The Clinton-era Workforce Investment Act of 1998 (WIA) has done more to harm the staffing (employment) services industry in Michigan and the United States than anything since FDR’s New Deal. And yet, this federal statute is due to be reauthorized next year by Congress and shortly thereafter by the Michigan Legislature and Governor.

In fact, since 1998, the state has facilitated this federal intrusion into state labor markets by accepting $62.5 million in annual WIA money. WIA funding enables Michigan to operate 104 local labor exchange and training centers, called “one-stops,” or “Michigan Works” in this state. In addition, the state encourages the use of federal tax credits and state grant programs to entice and subsidize large companies to engage in Michigan Works recruiting on behalf of large companies.

How did the state get into this predicament? Why is this traditionally private business activity being threatened? The short answer is: Congress invented a new labor entitlement when it passed WIA in 1998. All adult workers in America became entitled to use WIA-financed, one-stop career centers. (The U.S. Department of Labor actually handed out grants to states as far back as 1994 to establish the one-stop “infrastructure” nation-wide.) This is an entirely new governmental role where government one-stops are used to recruit ordinary, working adults seeking job upgrades and advancement in their careers. Michigan Works one-stops are now directly competing with the private sector for the state labor market and their role in this is growing.

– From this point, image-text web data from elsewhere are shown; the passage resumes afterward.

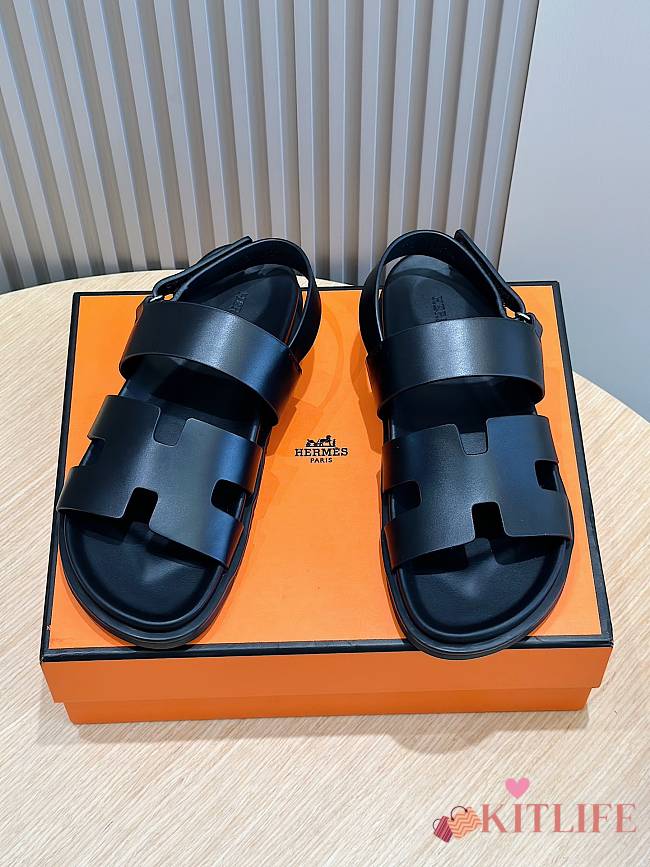 kitlife Hermes Men's Genius Sandals In Black Calfskin  - 1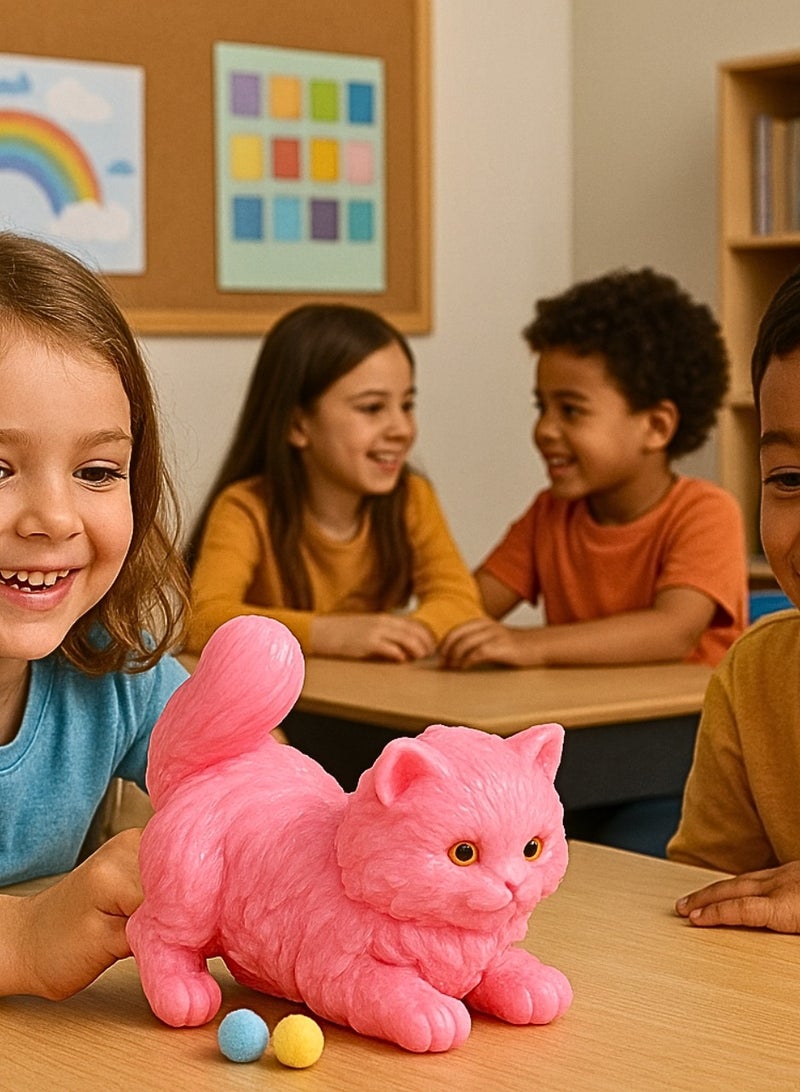 Pink Squishy Cat Toy – Stress Relief Cute Kawaii Cat Squishies for Kids & Adults | Soft Slow Rising Cat Stress Ball Toy | Perfect for Anxiety Relief, Gift & Office Desk Decoration - Image 3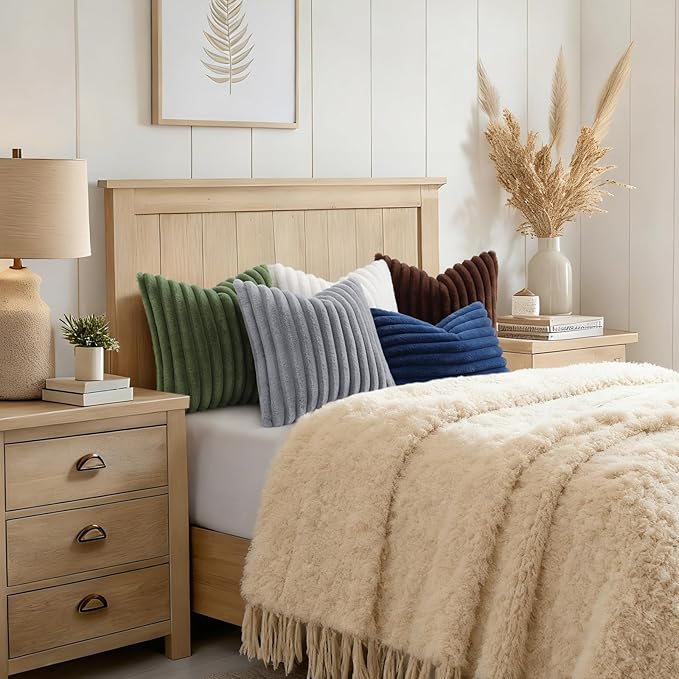 decorUhome Fall Faux Fur Throw Pillow Covers 24x24 Set of 2 Olive Green | Decorative Soft Cozy Striped Plush Modern Farmhouse Boho Couch Pillow Cases Velvet Back for Sofa Bed Living Room Home Decor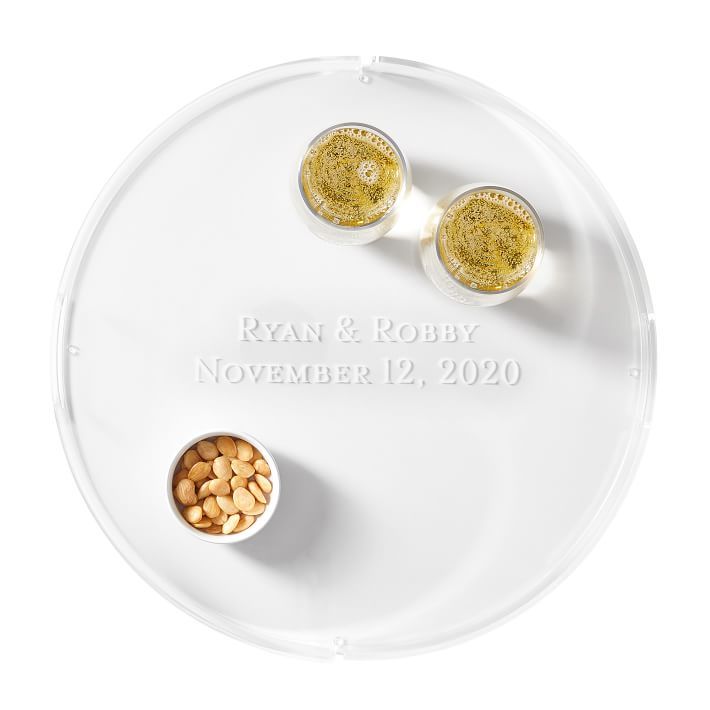 Etched Acrylic Circle Serving Tray | Mark and Graham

In fact, the states of Florida, Kentucky, and Washington have equivalent or worse intrusions, and Massachusetts, Utah, Pennsylvania, Wisconsin, Minnesota, New York and California are gearing up for comparable market interventions. Michigan just happens to be one of the more sophisticated state workforce regime-builders.

The staffing services industry in the United States is a $66 billion annual business, employing 2.2 million people daily, through thousands of service outlets. Although many people think staffing services as simply a placement service for temporary workers, 72 percent of temporary employees actually move into permanent positions, according to the American Staffing Association.

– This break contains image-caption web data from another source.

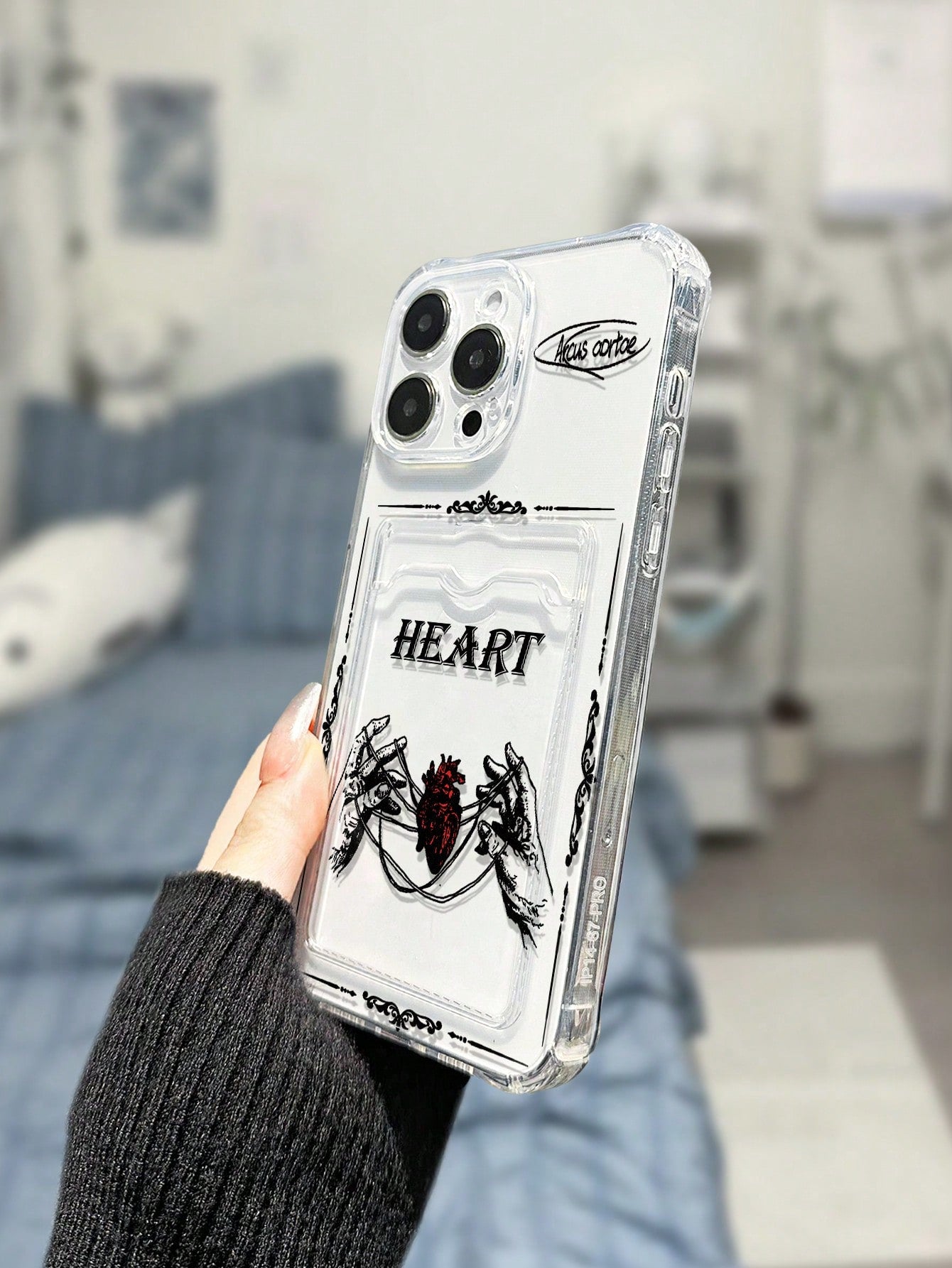 حامل بطاقة برسومات شخصيات كرتونية بشكل قلب، سلسلة دب إضافية، تصميم متعدد الوظائف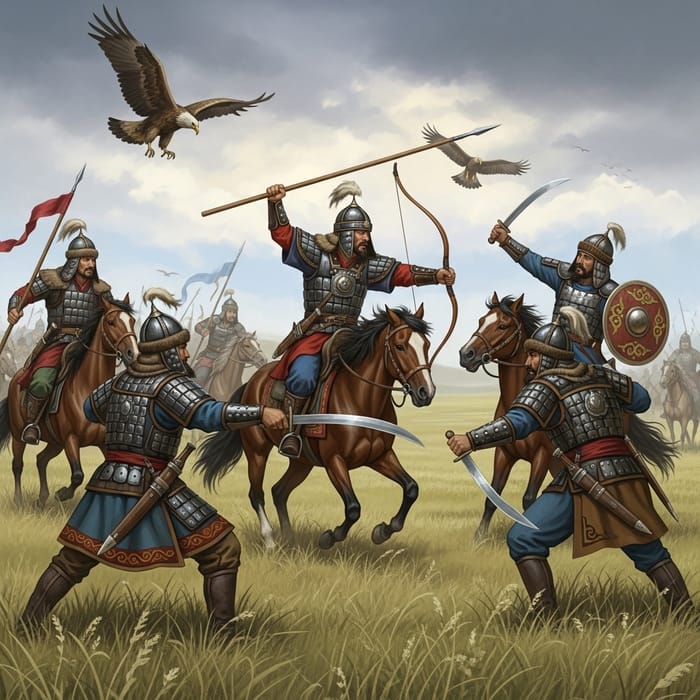Kazakh Warriors Battle: Epic Steppes Conflict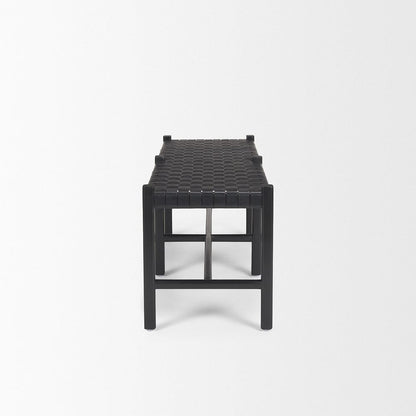 Mercana - Shane Black Wood w/ Woven Black Leather Bench - 70801 view 3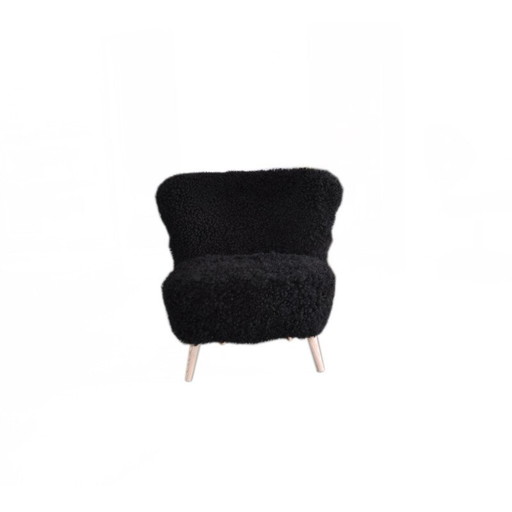 Vintage sheepskin Cocktail Club chair, 1960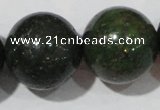 CIS07 15.5 inches 18mm round green iron stone beads wholesale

Currently, about 500-600 private staffing services companies are responsible for 2000-2500 branch offices across Michigan, and most are at risk. Indeed, the foregoing high and low estimates are offered because it is evident that the recent recession and the federally financed Michigan Works state system is severely damaging the industry. Many companies have been put out of business. The Michigan Association of Staffing Services reports that the association lost half its membership in the last year due to the economic downturn and state competition by Michigan Works.

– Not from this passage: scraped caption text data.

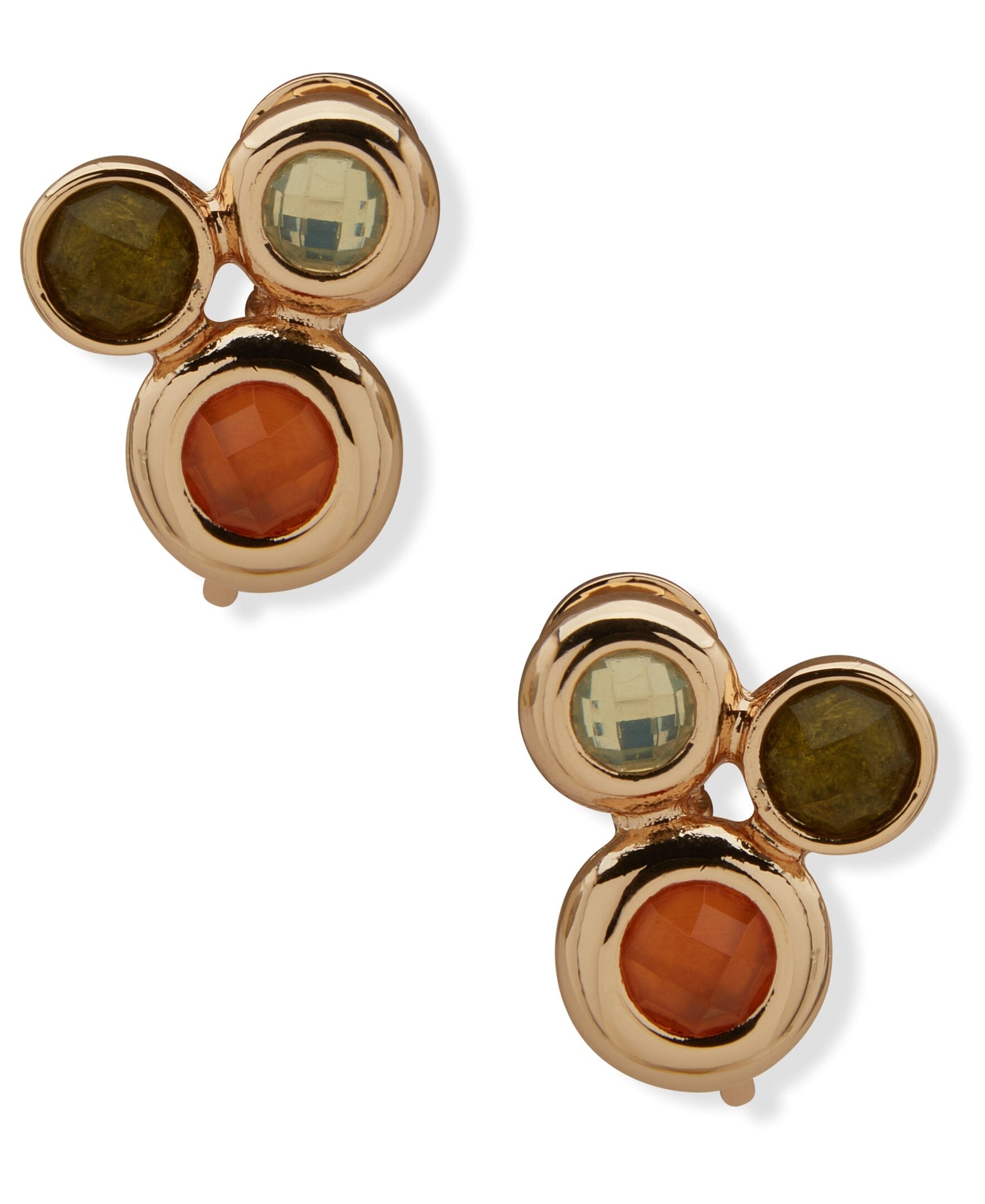 Anne Klein Gold Tone Cluster Stone Button Clip Earrings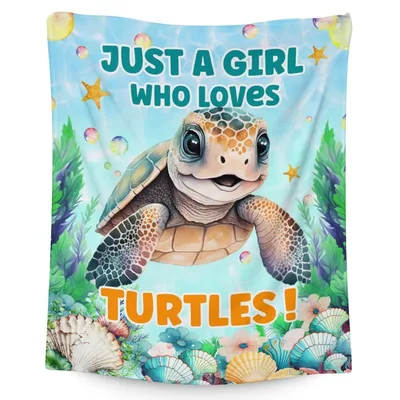 Just a Girl Blanket: Cute Sea Turtle Design for Ocean Lovers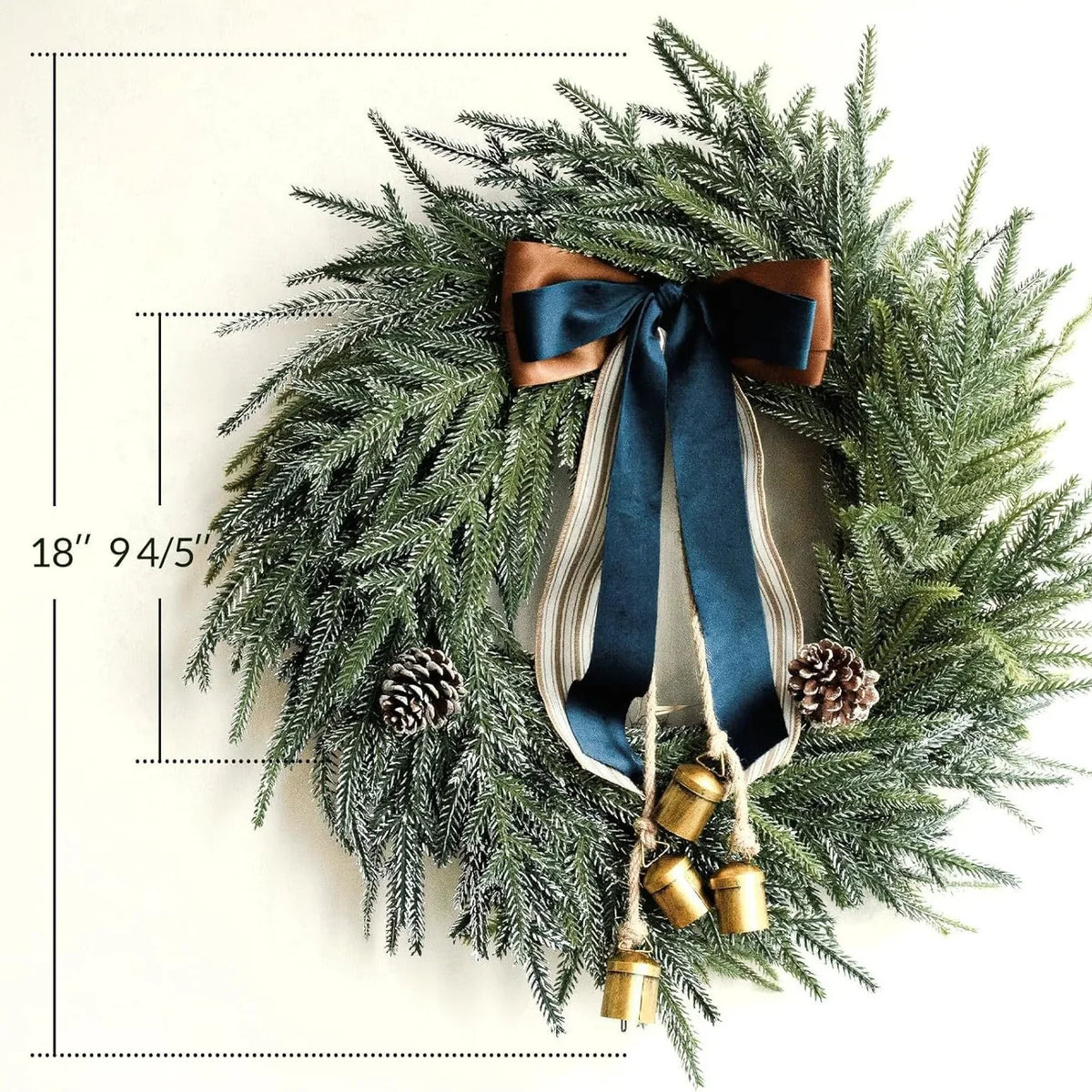 Holiday Wreath Lifelike Faux Evergreen 18 Inch Ribbon & Bells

Last January 2002, Douglas Stites, CEO of Capital Area Michigan Works in Lansing, met with owners and managers of staffing services. He informed them that in their three-county capital area, Michigan Works would be engaging in a “direct outreach” strategy to the customers of staffing companies, and potential customers. The local one-stops would offer “free” recruiting and training services. In addition, targeted companies could apply for the federal Work Opportunity Tax Credit, the Welfare to Work Tax Credit, and various other state grants and subsidies. In effect, the federal and state government would pay companies to accept state-sponsored recruits.

Staffing services owners and managers are in a real bind because if they complain loudly about the negative effects of WIA and Michigan Works, they run the risk of alienating current and potential clients.

Staffing services owners and managers were astonished to learn in January that the Capital Area board would double its $400,000 marketing budget in 2001-2002 to $800,000 in 2002-2003. This budget finances the rental of local billboards, the distribution of tens of thousands of brochures, and the purchase of radio and television advertising—to promote this rather costly “free service.”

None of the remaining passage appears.